Small businesses outline ‘serious concerns’ with stretched apprenticeship budget

The Federation of Small Businesses has raised “serious concerns” about the apprenticeship budget and claims “over a quarter of apprentice employers say reforms have had a negative impact”.

In a report published today called ‘Fit for the future: making the apprenticeship system work for small business’, the membership body seeks to influence the forthcoming spending review with a series of recommendations.

The FSB said the government should ensure that small businesses are not excluded from the apprenticeship system, putting them in control of non-levy apprenticeship funding through the Apprenticeship Service after their migration to the service, which is expected next year.

It recommended the government should develop a “matching service” to support levy-paying employers to pass on unused funds to non-levy-paying employers and extend the current £1,000 incentive to those businesses with less than 50 employees who take on apprentices aged 19 to 24 from “selected labour market disadvantaged groups”.

The federation found only 40 per cent of eligible SMEs have received the £1000 incentive for hiring 16 to 18-year-olds, while a third said they were not aware of it.

Moreover, the government should “consider the feasibility of an incentive for start-ups who have never taken on an apprentice” and make training-related travel free for all young apprentices working for employers with less than 50 staff to ensure SMEs, “particularly those located in rural areas”.

The recommendations follow a survey by the FSB of 1,665 small businesses that found 42 per cent of SMEs see recruiting an apprentice the biggest challenge when engaging with apprenticeships, followed by management time this involves (29 per cent) and the 20 per cent off-the-job training (24 percent).

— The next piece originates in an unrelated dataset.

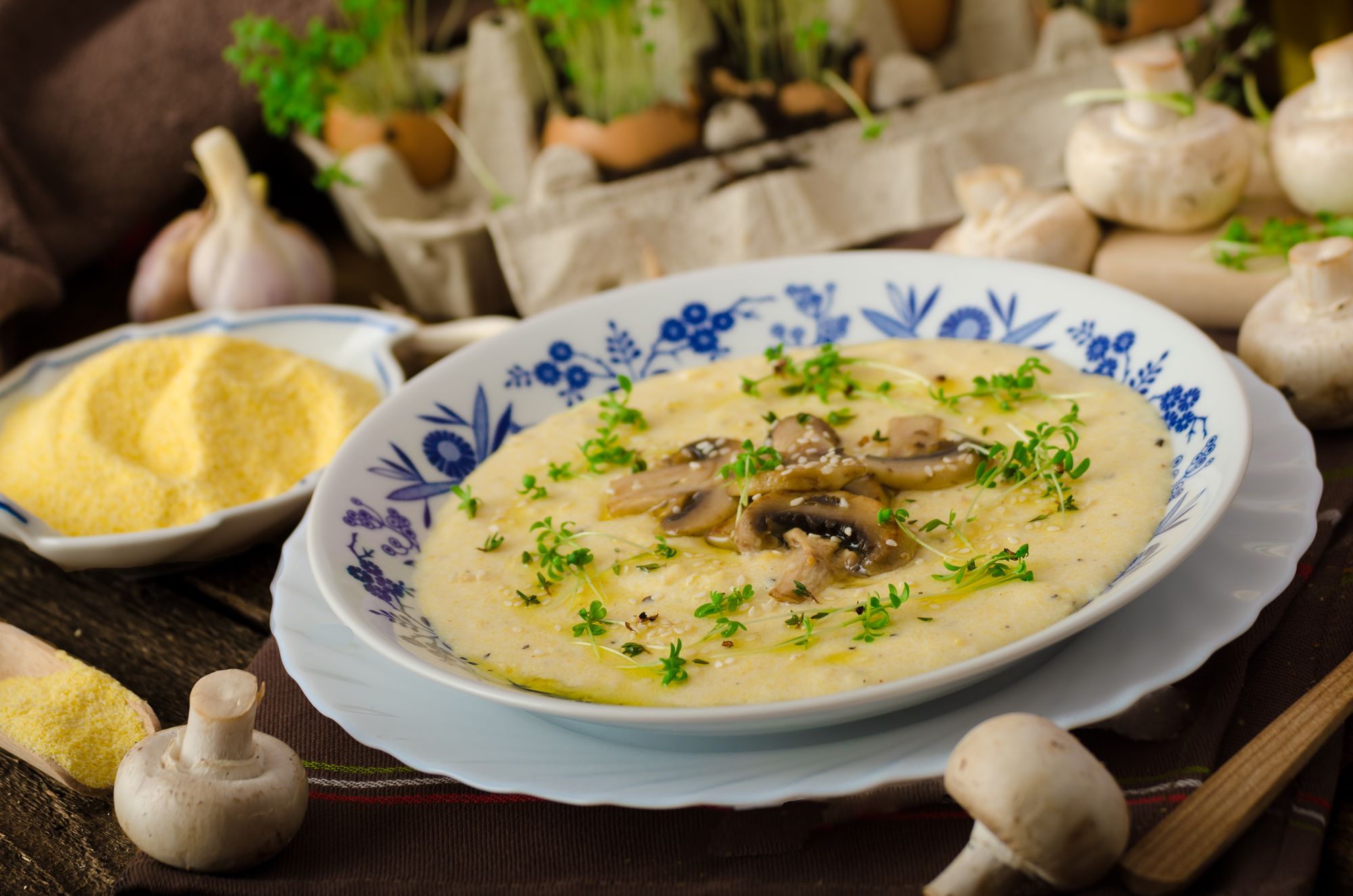 Olive Polenta and Mushrooms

It also found 41 per cent of the businesses surveyed reported an increase in costs related to recruiting and training apprentices since the reforms.

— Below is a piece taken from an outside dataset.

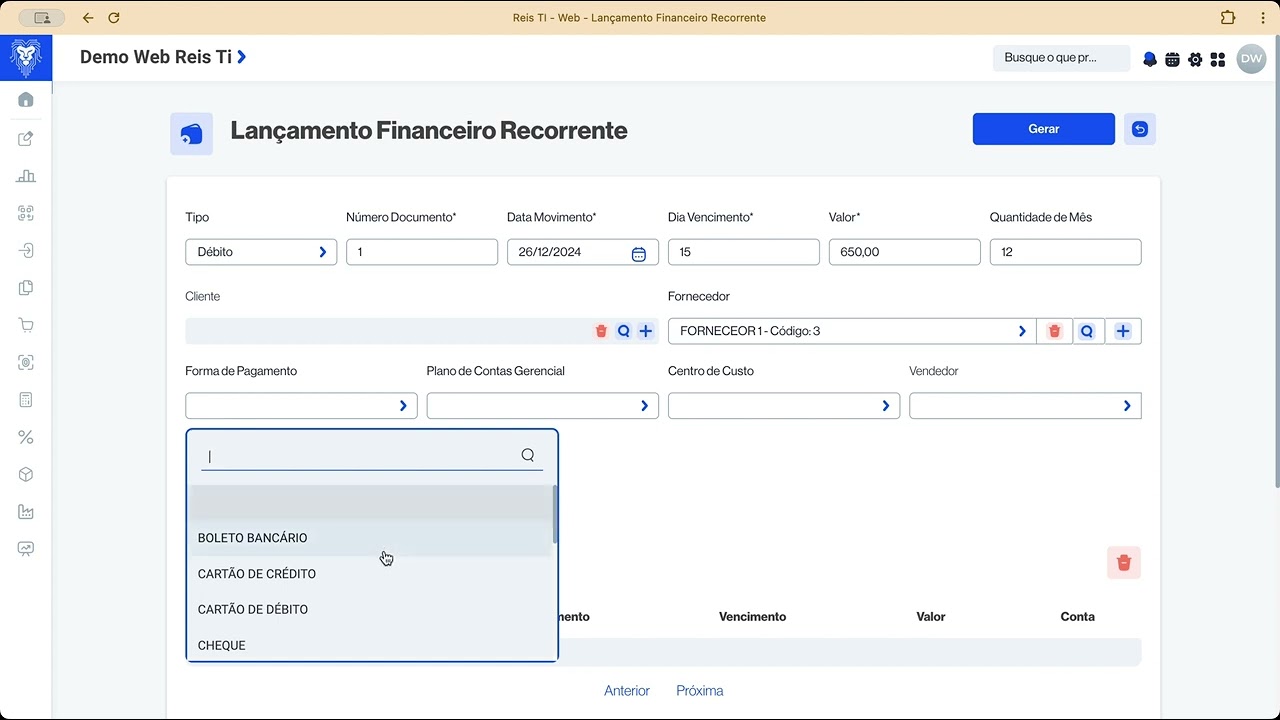 Lançamento Recorrente - Reis T.I Web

Apprenticeships and skills minister Anne Milton said: “Large businesses can now transfer up to 25 per cent of their levy funds to small employers which will be a fantastic opportunity for smaller business. We are very aware of the support smaller business needs and will continue to work with them so they can take advantage of the fantastic opportunity an apprentice brings to their business.

“We want an apprenticeship system that works for all employers – big and small. Our reforms were designed and driven by businesses of all sizes to make sure apprentices learn the skills employers need. Apprenticeships are now longer, higher-quality, with more off-the-job training and provide for a proper assessment at the end.”

But Mike Cherry, FSB National Chairman, said many small firms are turning away from apprenticeships with some of the 2017 reforms being the cause.

“Changes like the explicit requirement for a minimum of 20 per cent off-the-job training, are causing real headaches,” he said.

While recognising the halving of the co-investment requirement to 5 per cent was a “major step forward” to reduce the cost of apprenticeships, there is a “real concern around the funding black hole” that is likely to hit with a significant overspend expected on the apprenticeship programme by 2021.

“Unless urgent action is taken we are in serious danger of making apprenticeships unaffordable for many of our small firms,” Cherry added.

“If apprenticeships become a privilege only for those that can afford them, we will worsen persistent skills shortages and gaps that are damaging growth and productivity.”

The FSB’s findings follow a National Audit Office report that warned the apprenticeship programme is not financially sustainable after the average cost of training an apprentice hit £9,000, approximately double of what the government predicted in 2015.